Rooms were added as the family grew. Grandmothers no longer capable of living on their own were installed in larger rooms in the house while children were moved to smaller ones. Distressed cousins were rehabilitated in the garden room and sisters broke their hearts in the dark. A confession not meant to be heard by me convinced me that I was either adopted or unwanted and made me look at my mother with suspicion for years. One afternoon I had been lying on my stomach listening to the aunties chatter and drop shelled peas into steel bowls when my mother came in.

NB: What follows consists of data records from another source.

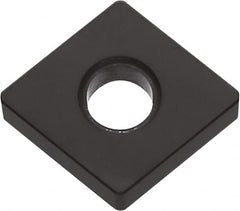 Kyocera - CNGA432 Grade KA30 Ceramic Turning Insert - Al2O3 Finish, 80° Diamond, 1/2" Inscr Circle, 3/16" Thick, 1/32" Corner Radius - Americas Industrial Supply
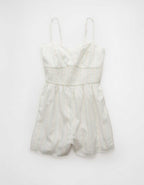 AE Pride Corset Striped Romper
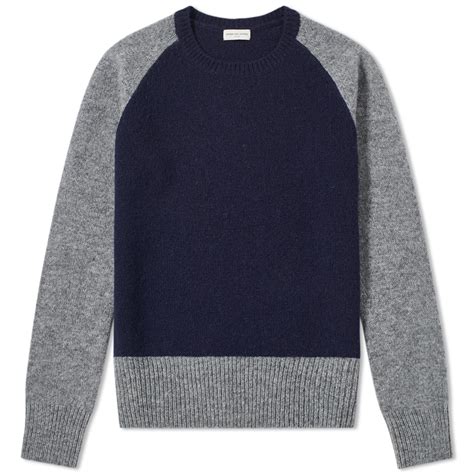dries van noten shetland replica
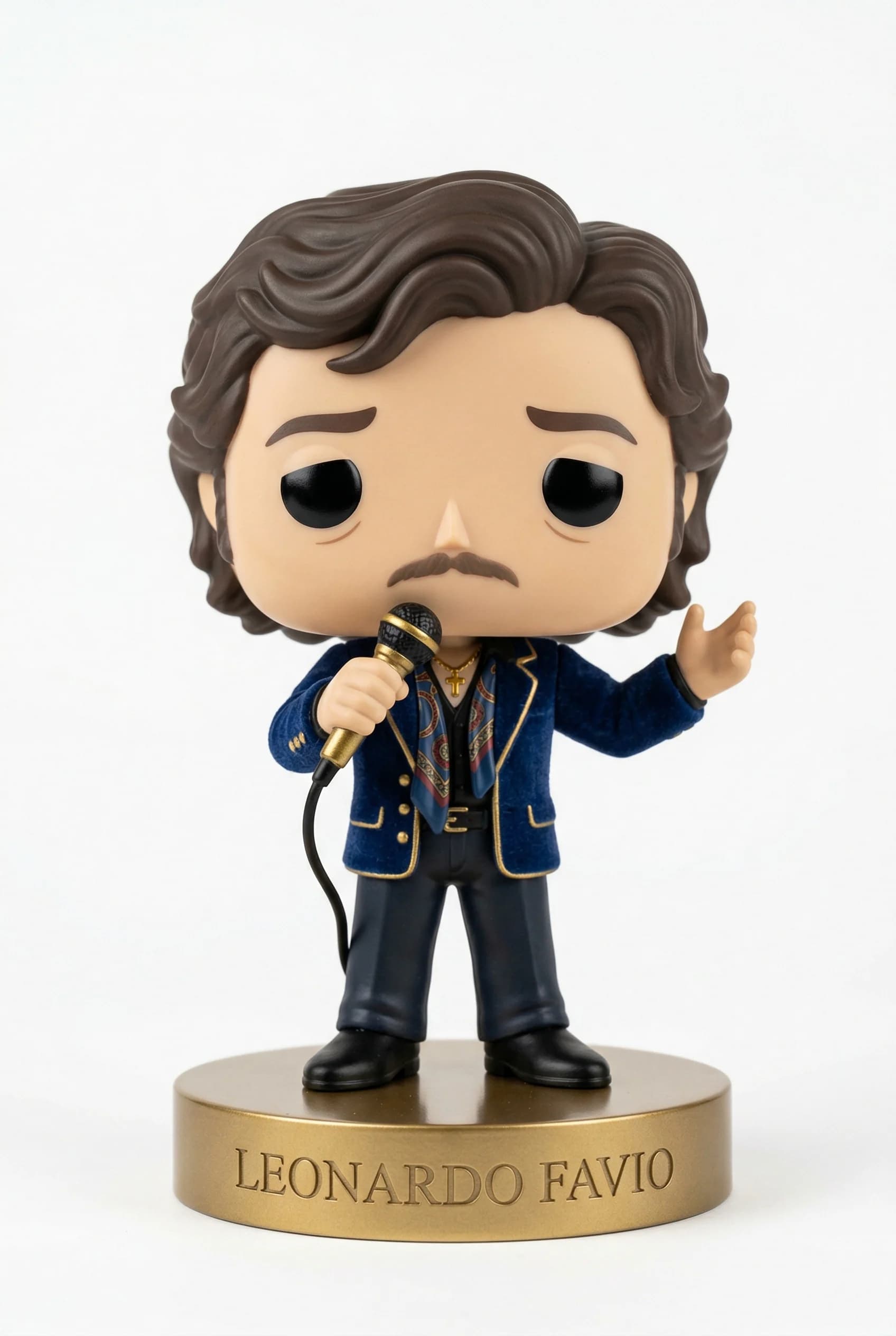 Funko personalizado de Leonardo Favio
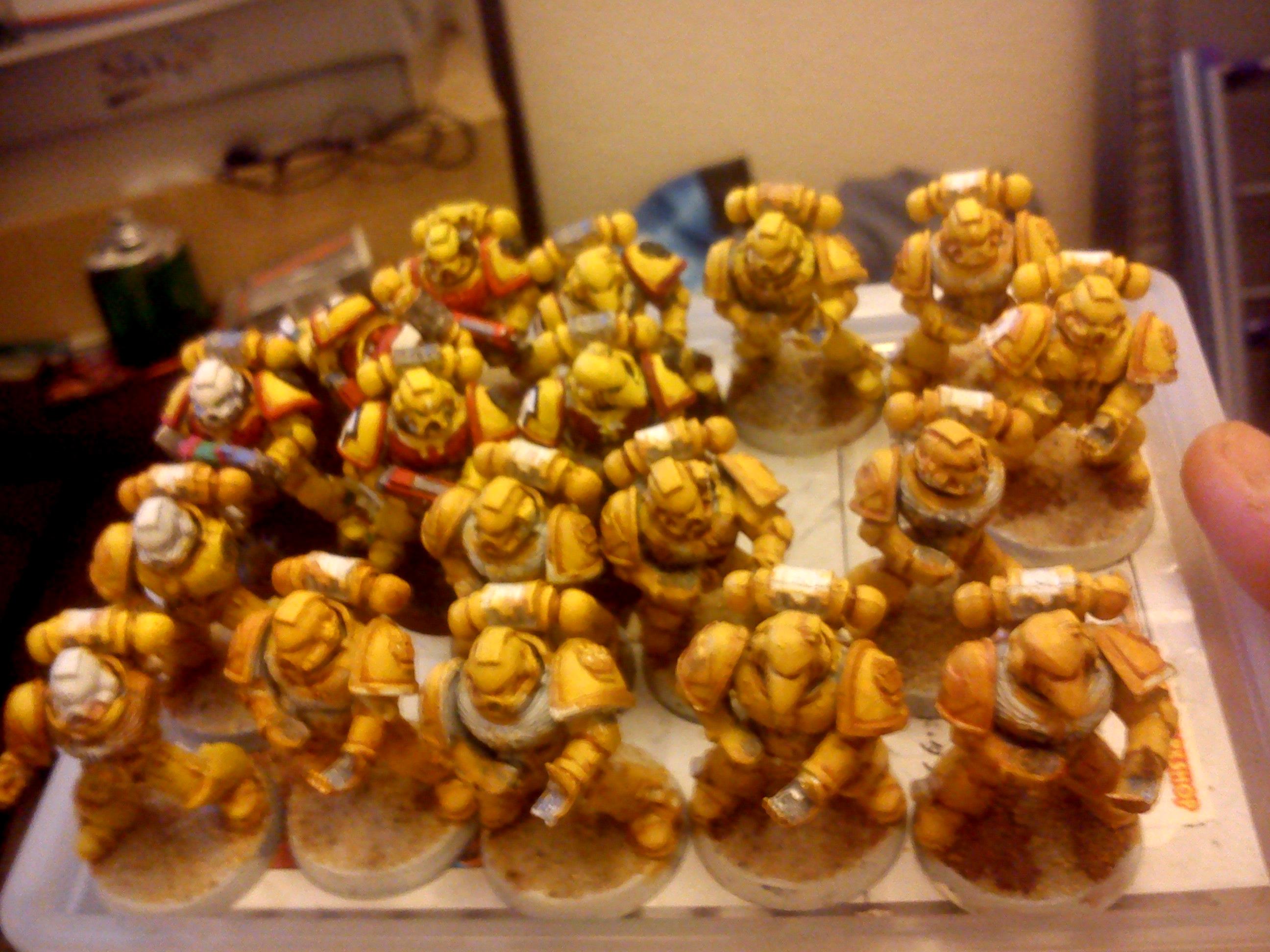 Imperial Fists, Tactical Squads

She didn’t see me, her voice low and cranky as she complained about the amount of food the kids ate each day, a statement that provoked instant reproof from the aunts.
‘Don’t talk about your children like that,’ said one, ‘every child comes to this world with her own destiny.’
‘But not her own food,’ said my mother bitterly, ‘I’m the food provider for all these destinies then, am I?’
‘They are your children, are they not?’
‘Yes, they are, even the ones who aren’t thinking they are.’ My mother’s voice rose slightly as she turned to go, looking blankly at my suddenly upright frame and round eyes. That was the moment my ten-year-old self regretted what had just become my past. But an illicit look inside my father’s diaries many years later laid those fears to rest; I was indeed theirs and could no longer pretend that my real family was somewhere in a civilised city home waiting for me to claim them.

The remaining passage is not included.